Discussion Note – Assessing the Ukrainian Counter-Offensive was originally published on Telegram 28 June 2023.
The Ukrainian counter-offensive cannot be said to have failed, simply to have been unspectacular against Russian defensive operations. The Russians are holding the lines that matter to them most and the Zaporizhzhia offensive is making too small progress to be decisive. The Ukrainians seem to be switching to an attempt on the relatively weakly defended Kherson front and trying to initiate a second Battle of Bakhmut. Incursions into Russian territory now have either failed or look likely to fail (especially in regard to Belarus). The Ukrainians are scoring some serious hits on Russian logistical infrastructure within the occupied territories but Ukrainian losses look high for what has been acquired to date.

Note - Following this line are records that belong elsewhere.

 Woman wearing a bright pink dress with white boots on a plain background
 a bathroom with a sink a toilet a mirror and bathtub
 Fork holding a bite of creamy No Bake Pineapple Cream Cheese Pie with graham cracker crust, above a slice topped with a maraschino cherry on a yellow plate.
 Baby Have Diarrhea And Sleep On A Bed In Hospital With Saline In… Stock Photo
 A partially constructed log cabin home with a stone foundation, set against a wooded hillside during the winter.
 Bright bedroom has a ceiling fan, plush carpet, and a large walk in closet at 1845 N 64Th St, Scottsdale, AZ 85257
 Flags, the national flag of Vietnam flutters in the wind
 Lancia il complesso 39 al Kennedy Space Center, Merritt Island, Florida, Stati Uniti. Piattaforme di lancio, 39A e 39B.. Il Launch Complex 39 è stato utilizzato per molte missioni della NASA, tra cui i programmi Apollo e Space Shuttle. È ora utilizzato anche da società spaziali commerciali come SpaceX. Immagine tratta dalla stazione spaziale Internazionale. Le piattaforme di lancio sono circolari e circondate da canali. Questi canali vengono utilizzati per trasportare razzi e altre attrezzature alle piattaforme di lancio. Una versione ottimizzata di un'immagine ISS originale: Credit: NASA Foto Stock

The Prigozhin ‘manouevre’ may have strengthened rather than weakened Russia. It exposed weaknesses and perhaps forced a more aggressive position on the Kremlin for internal political reasons. Almost every instant Western analysis of the recent situation proved utterly wrong. The West is now faced with the prospect of supplying ever increasing amounts of military hardware and committing to air power just as the Russians are revealing new advanced ‘stealth’ drone weaponry which will come into production for 2024. Ukraine must also win much more ground soon to be truly credible.
The political problem is that Prigozhin (who increasingly looks to have been contained) made a point that many Russians agreed with – not enough resources were applied to the war. The Kremlin has been too cautious. If there is a political necessity to drive the war harder in terms of allocation of resources and manpower, this might place more strains on the Russian economy than the Kremlin thinks wise but it will also push Ukraine into becoming a very serious fiscal burden on the West for longer. The West may have real problems backing up its own rhetoric. There is ample evidence that many European leaders are getting concerned about this.
Belarus has also bound itself even more closely to Russia. It is preparing for Western-backed internal subversion and incursions in the run-up to its Presidential Elections. The positioning of the Wagner Group inside Belarus is part of this preparation. Lukashenko’s recent testimony about his peacemaking efforts during the ‘manouevre’ gives us a different and probably more accurate picture of Prigozhin as the last warlord rather than the first potential oligarch head of Russia. Prigozhin was basically out of control because he was being pushed hard by his own highly emotional senior commanders. Although we think it smoked out risk factors for Putin’s rule, the operation now looks less like an attempted a coup and more like a quixotic adventure by a special interest trying to control a situation in which it had lost control. Recent and rather excitable Western analyses start to look frankly a little stupid in this context.